• _AIM OF THE TASK_: Among the entries below, only the lines starting at the one with "M】花 パッチワーク ブロックプリント カンタキルト397 M】花 パッチ" and ending at the one with "LIZ CLAIBORNE Capri", both included, are to be printed exactly.

• _SOURCE MATERIAL_:

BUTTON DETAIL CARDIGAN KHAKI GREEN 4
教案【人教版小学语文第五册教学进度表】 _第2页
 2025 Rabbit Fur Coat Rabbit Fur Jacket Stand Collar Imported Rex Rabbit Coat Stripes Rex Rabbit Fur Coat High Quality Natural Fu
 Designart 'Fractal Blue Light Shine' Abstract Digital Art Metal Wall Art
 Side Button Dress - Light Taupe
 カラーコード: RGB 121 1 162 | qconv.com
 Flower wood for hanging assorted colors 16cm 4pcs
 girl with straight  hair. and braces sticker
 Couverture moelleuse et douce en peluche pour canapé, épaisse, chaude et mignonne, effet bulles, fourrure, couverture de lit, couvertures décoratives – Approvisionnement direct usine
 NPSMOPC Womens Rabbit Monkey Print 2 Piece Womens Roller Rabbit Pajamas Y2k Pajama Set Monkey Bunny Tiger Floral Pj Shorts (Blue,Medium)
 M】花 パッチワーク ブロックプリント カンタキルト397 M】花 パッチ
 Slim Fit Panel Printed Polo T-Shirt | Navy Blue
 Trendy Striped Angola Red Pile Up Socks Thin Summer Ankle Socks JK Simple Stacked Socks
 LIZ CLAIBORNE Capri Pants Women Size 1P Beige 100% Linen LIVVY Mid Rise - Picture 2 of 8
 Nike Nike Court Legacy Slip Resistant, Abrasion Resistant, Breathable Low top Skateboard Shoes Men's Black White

• _EXERCISE ANSWER_:
 M】花 パッチワーク ブロックプリント カンタキルト397 M】花 パッチ
 Slim Fit Panel Printed Polo T-Shirt | Navy Blue
 Trendy Striped Angola Red Pile Up Socks Thin Summer Ankle Socks JK Simple Stacked Socks
 LIZ CLAIBORNE Capri Pants Women Size 1P Beige 100% Linen LIVVY Mid Rise - Picture 2 of 8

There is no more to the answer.